#dusk $DUSK @Dusk
Comecei a pensar que o problema mais difícil na tokenização não é emitir um ativo. É manter o ativo operacionalmente útil depois disso.
Uma segurança pode existir na cadeia, mas ainda depender de sistemas fora da cadeia para elegibilidade, liquidação, serviços e ações corporativas. Isso limita quanto de infraestrutura realmente se move na cadeia.
O que me interessa na Dusk é a tentativa de fazer regras de privacidade, acesso e liquidação como parte da mesma camada base. A arquitetura dela dá suporte a transferências confidenciais, divulgação seletiva e execução de contratos inteligentes, juntamente com liquidação determinística.
O efeito de segunda ordem pode ser importante se fluxos de trabalho recorrentes permanecerem na rede: a tokenização passa a ser menos sobre criar representações digitais e mais sobre realocar as próprias operações financeiras.

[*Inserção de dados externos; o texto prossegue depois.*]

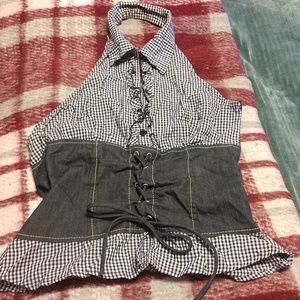 Sexy corsett type top! Size s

A fraqueza é a integração. As instituições ainda podem preferir os sistemas existentes mesmo quando a tecnologia blockchain consegue reproduzir o fluxo de trabalho.
Então eu observaria um sinal acima de tudo: se os ativos geram atividade recorrente na cadeia após a emissão, liquidação, prestação de serviços, distribuições ou outros eventos do ciclo de vida.
Se isso acontecer, a proposta de valor da Dusk deixa de ser tanto colocar valores mobiliários na cadeia e passa a ser fazer do blockchain o lugar onde esses valores mobiliários realmente vivem, operacionalmente.
@Dusk_Foundation $DUSK
Comecei a pensar que o problema mais difícil na tokenização não é emitir um ativo. É manter o ativo operacionalmente útil depois disso.
Uma segurança pode existir na cadeia, mas ainda depender de sistemas fora da cadeia para elegibilidade, liquidação, serviços e ações corporativas. Isso limita quanto de infraestrutura realmente se move na cadeia.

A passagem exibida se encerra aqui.